The following was provided in the Jan. 20 Metals Focus, Valcambi Suisse:
Valcambi Suisse is reporting that South Korean silver bullion imports into the U.S climbed in 2014, for the first time in three years.
The latest release of U.S. trade data confirmed the surge in [South] Korean silver bullion imports, for the first time since 2011. At that time, the closure of Doe Run in Peru, combined with healthy industrial, coin and bar demand, saw 49s premiums shoot up, from normal levels of 2-3 cents to over 20 cents. This saw imports surge from a range of new suppliers, including [South] Korea, as traders scrambled to satisfy U.S. demand. Last year, although conditions were not nearly as frenetic in the U.S., [South] Korean imports jumped. There were two reasons for the rise in Korean imports in the U.S. last year.
Arguably most important was the sharp drop in Canadian silver mine supply, which fell by over 20 percent to around 15 million ounces, the lowest total in our eight-year series. This was largely due to the suspension of Alexco’s Bellekeno mine in the third quarter of 2013 (which had produced 1.5 million ounces in 2013) and much reduced output at Agnico Eagle’s LaRonde mine (to an estimated 1 million ounces). This contributed to a 26 percent, or 13-milloin-ounce, drop over the January to November 2014 period, in reported U.S. bullion imports from Canada.
Against this decline, U.S. silver fabrication is estimated to have risen in 2014, driven by strong physical investment buying. In addition, U.S. silver jewelry fabrication continued its upturn, bolstered by improved consumption at the retail level. Finally, the rise in U.S. silver powder exports last year (with gross volumes up by 11 percent over the first 11 months) points to an upturn in the country’s silver industrial offtake.

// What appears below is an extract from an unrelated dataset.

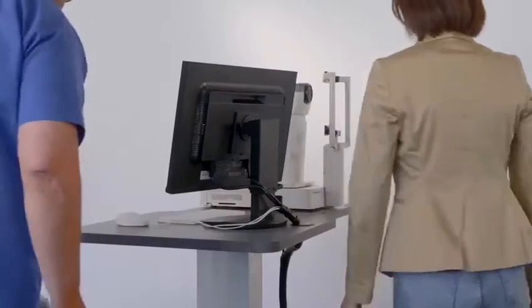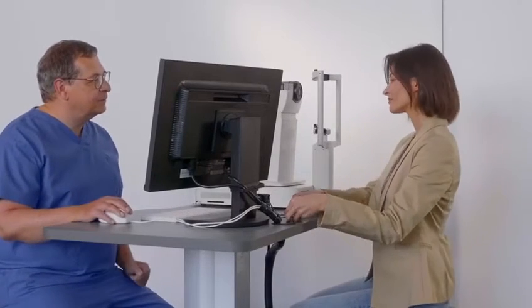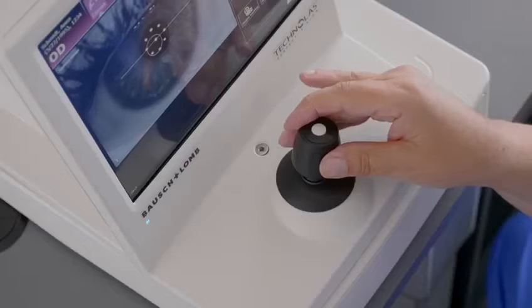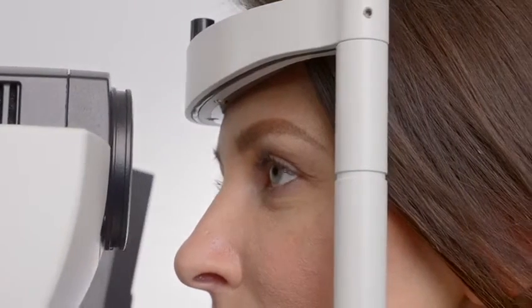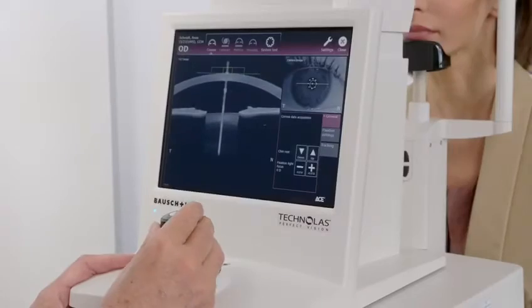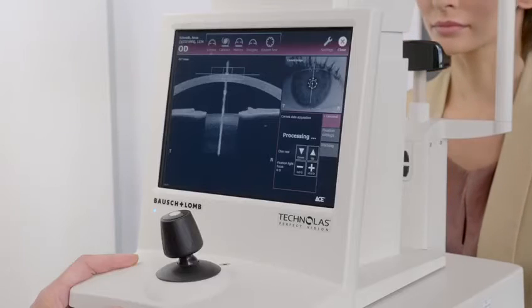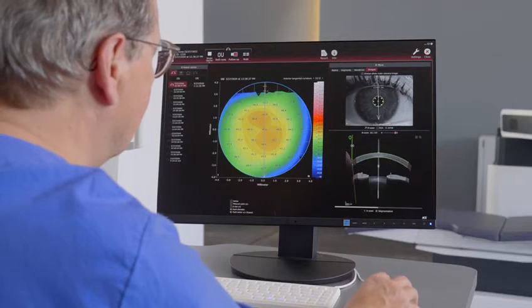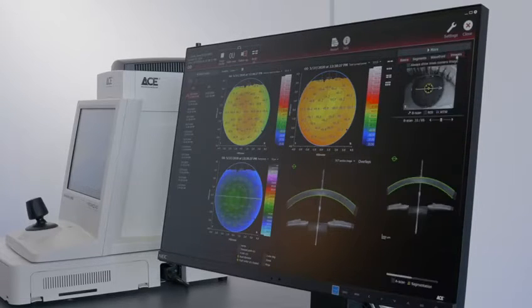ACE is a platform that brings together corneal topography and tomography. It optimizes preoperative data to provide more information to help select a suitable laser treatment and utilizes the power of high-resolution swept-source OCT. Its speed of acquisition enables the new ACE to display up to six maps simultaneously, compare OD and OS, or perform an analysis over time. ACE selects from 12 different map types and delivers an OCT-based cross-section of the eye.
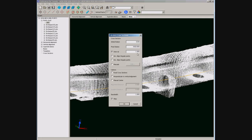We have to create a new file and give some parameters. The most important are initial and final station, interval, and bandwidth — that is the maximum distance from points to the cross section plane.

To make up for the apparent shortfall, U.S. silver bullion imports from [South] Korea jumped, from a little over 1 million ounces in 2013 to more than 10 million ounces last year (basis the first 11 months). For 2015, Canadian output is forecast to remain near 2014 levels, which could therefore see U.S. bullion imports from “non-traditional” sources remain at elevated levels.